I've shot nothing but 9mm and 38 spl. All my life. Last Jan. bought my first 45 acp. The very first time out with the 45, 3 out of the first 8 (all the magazine held) I had a failure to feed or eject. Cause..limp wrist. Tightened my grip and never had another issue and have shot several hundred rounds. It happens.


----------



## thomismetal (Sep 27, 2012)

@ tommyt

pretty sure you're right, it's an ammo problem


----------



## mildot22 (Dec 15, 2012)

Afternoon thomismetal

I really don't know how normal your problem is but my new 92A1 did the same thing. 

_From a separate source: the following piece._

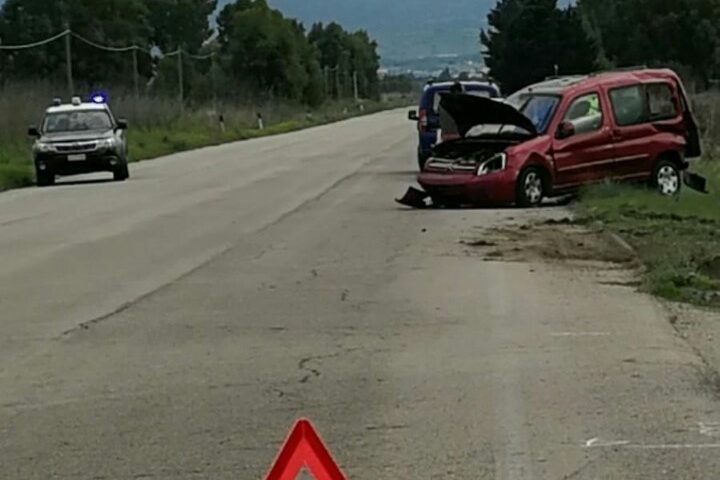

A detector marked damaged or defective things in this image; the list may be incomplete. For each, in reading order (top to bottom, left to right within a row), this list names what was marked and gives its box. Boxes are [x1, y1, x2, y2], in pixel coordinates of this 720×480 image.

broken headlight [476, 154, 510, 176]
damaged red car [396, 68, 700, 208]
cracked asphalt [1, 109, 720, 480]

It would fail to fully feed a new round & wouldn't lock open on the last round. 

Mine just needed about 500 round through it to work & feed properly. It seems the combination of a new tight gun, heavy recoil spring, & heavy hammer spring all stack up to make the slide move with enough resistance to not fully stroke with lighter ammo. 

On my 92A1, seeing as I hand load, I just bumped the powder amount up 2 grains & all was good. Then when I got near 500 rounds I backed off 1 grain of powder than another 1 grain & now it feeds great back to using my normal loaded rounds. 

Bottom line -- just give it some shooting time & if possible find some more powerful rounds to get it feeding properly until it is fully broken in.


----------